We learned last week that there were now 9 million Quebecers. Some saw this as bad news for Quebec, arguing that this significant growth in our population was a sign that we were moving towards the end, nothing less, of French Quebec.
This theory defies all logic: the fact that the Quebec population can continue to grow despite the low birth rate allows us to renew an aging population. It also allows us to maintain our political weight within Canada, to increase the number of French speakers in the long term to protect French in Quebec and, obviously, to have an enviable or, at the very least, viable economic strength.
Those who are devastated by these figures might retort that we would not have to worry about Quebec’s political weight within the federation if we were a country.
Technically, this is not wrong. However, they fail to say that even if Quebec were sovereign and even if we closed the doors to immigration, our identity, our language, our economy could not survive, if we rely on the recorded birth rate.
And they know it.
It seems that they would prefer that Quebec die out as a nation, among native Quebecers, rather than that it could potentially shine and prosper with Quebecers from elsewhere.
So, let us say things as they are: these people are devastated by this significant increase in our population because it comes from immigration, this source of collective unhappiness.

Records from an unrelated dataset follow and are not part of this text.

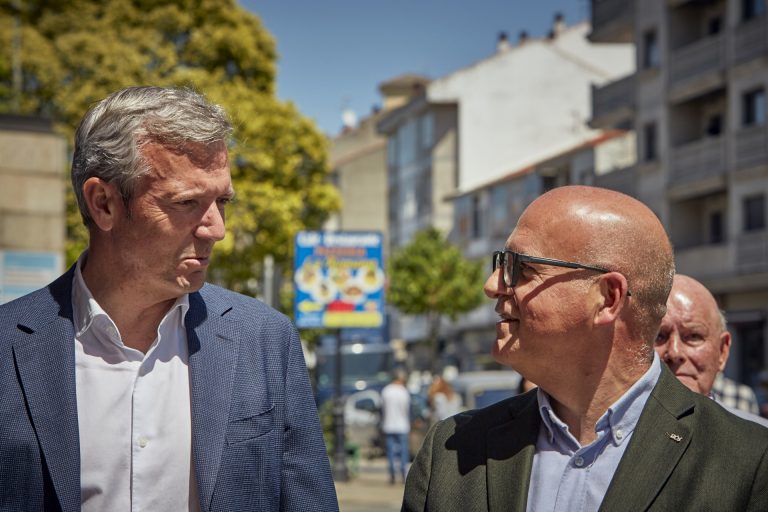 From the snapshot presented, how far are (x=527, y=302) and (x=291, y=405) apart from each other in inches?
30.7

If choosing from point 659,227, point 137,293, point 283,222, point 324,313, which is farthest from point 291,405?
→ point 283,222

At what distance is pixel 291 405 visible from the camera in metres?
3.88

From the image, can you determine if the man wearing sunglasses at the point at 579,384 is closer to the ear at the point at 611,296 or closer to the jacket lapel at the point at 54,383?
the ear at the point at 611,296

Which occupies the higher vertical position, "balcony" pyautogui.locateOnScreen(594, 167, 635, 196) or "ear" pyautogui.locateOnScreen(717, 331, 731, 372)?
"balcony" pyautogui.locateOnScreen(594, 167, 635, 196)

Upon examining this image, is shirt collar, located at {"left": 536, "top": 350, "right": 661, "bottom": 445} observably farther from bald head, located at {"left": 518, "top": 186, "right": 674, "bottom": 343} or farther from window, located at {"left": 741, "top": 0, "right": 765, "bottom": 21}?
window, located at {"left": 741, "top": 0, "right": 765, "bottom": 21}

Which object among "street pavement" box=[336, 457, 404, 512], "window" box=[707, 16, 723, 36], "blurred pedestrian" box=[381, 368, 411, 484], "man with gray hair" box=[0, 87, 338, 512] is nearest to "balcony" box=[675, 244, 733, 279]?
"window" box=[707, 16, 723, 36]

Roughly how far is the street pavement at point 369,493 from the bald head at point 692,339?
40.0ft

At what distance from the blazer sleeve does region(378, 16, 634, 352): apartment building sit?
6582 cm

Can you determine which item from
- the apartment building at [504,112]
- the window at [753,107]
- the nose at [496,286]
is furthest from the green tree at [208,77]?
the nose at [496,286]

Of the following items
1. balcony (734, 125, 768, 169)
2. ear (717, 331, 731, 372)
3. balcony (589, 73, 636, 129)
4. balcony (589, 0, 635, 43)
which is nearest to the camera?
ear (717, 331, 731, 372)

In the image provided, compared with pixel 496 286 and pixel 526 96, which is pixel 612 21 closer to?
pixel 526 96

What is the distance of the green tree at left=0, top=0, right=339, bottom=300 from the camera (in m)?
40.5

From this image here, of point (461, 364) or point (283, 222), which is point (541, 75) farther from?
point (283, 222)

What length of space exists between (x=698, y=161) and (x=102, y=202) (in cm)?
4170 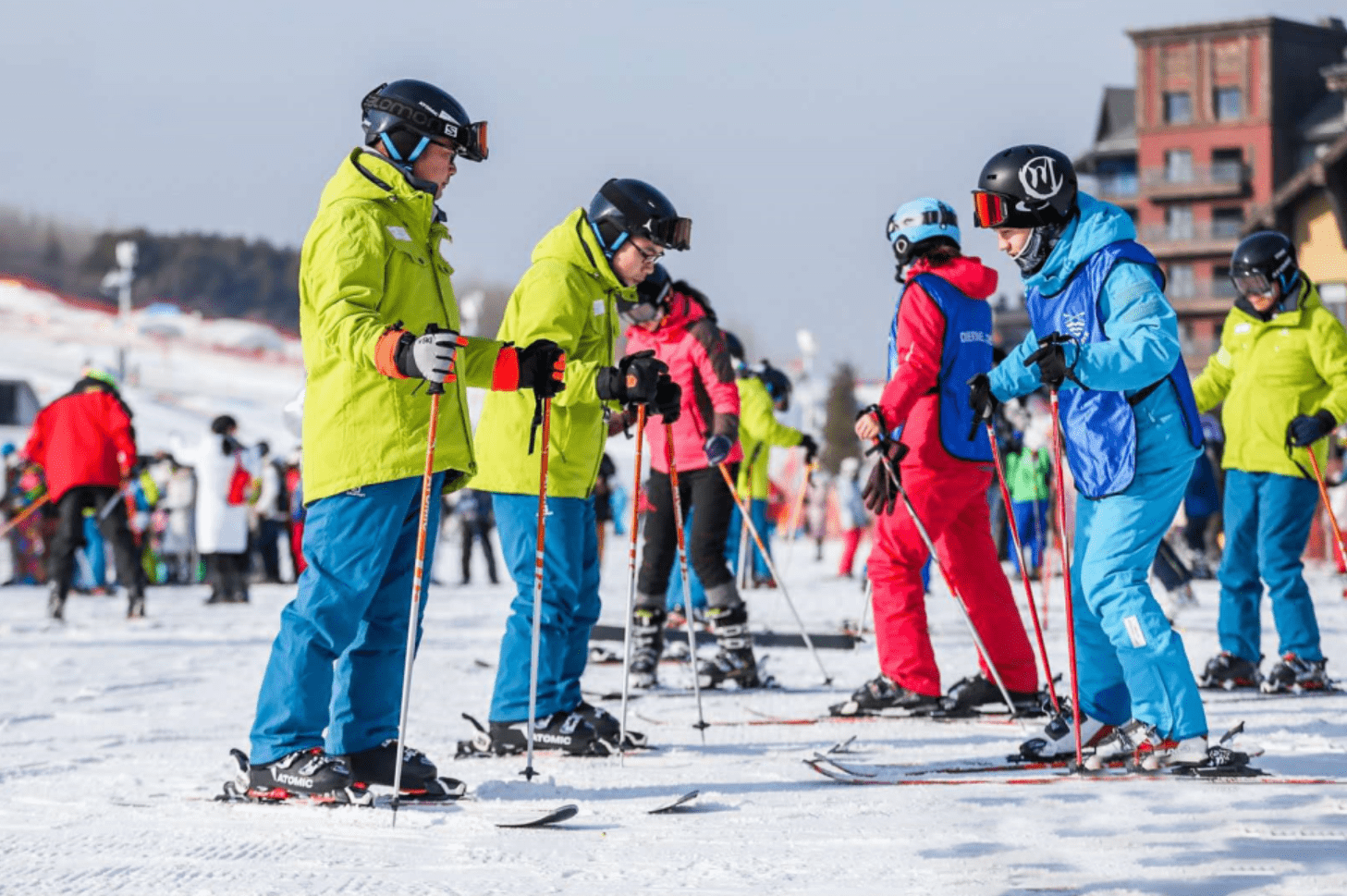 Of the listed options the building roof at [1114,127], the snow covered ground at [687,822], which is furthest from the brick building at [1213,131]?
the snow covered ground at [687,822]

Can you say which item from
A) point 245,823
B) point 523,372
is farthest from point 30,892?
point 523,372

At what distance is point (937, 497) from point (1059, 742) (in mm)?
1405

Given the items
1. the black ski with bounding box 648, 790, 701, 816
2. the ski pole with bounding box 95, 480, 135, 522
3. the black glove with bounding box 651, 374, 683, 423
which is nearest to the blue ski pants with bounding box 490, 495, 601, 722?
the black glove with bounding box 651, 374, 683, 423

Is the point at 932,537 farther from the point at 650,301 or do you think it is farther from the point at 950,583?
the point at 650,301

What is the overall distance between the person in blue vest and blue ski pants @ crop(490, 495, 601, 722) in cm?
141

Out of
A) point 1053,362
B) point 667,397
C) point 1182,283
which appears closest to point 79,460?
point 667,397

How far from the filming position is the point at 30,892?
3162 millimetres

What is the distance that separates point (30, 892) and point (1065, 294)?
3.20 metres

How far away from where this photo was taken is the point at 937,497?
19.6ft

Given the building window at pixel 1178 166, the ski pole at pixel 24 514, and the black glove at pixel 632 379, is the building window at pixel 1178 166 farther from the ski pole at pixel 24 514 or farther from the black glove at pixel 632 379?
the black glove at pixel 632 379

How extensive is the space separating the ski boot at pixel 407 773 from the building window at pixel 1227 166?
61.7 meters

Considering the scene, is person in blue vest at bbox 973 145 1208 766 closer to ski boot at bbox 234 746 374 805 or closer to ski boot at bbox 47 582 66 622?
ski boot at bbox 234 746 374 805

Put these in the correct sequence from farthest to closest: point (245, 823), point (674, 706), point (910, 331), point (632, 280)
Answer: point (674, 706), point (910, 331), point (632, 280), point (245, 823)

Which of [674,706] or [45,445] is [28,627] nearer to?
[45,445] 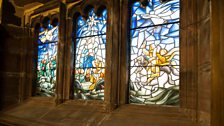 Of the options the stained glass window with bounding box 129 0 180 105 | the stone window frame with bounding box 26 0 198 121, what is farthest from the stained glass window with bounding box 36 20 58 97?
the stained glass window with bounding box 129 0 180 105

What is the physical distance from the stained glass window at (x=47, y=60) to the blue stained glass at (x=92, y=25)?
0.47 metres

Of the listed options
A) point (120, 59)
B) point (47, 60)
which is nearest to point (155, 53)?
point (120, 59)

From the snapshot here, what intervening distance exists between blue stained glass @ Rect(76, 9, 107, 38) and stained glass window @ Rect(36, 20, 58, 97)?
1.54 feet

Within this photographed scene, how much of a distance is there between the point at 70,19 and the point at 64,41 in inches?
11.5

They have broad backs, immigrants: they put pressure on public services, they dilute the identity of Quebec, they threaten the French language, they refuse to integrate, they do not go to the regions, they speak their language at home, they don’t watch our TV, our culture and our shows…
We will soon criticize them for having too many children, eating spicy foods and, one day, we will find that an immigrant contributes more to greenhouse gas emissions than a so-called native Quebecer.
Let’s say things as they are: Quebec could not survive without immigration. Whether it is sovereign or not, the future of Quebec is intimately linked to its capacity to receive, integrate and Frenchify forces from elsewhere. If it hurts you to read this, maybe it’s not the immigrant that’s the problem.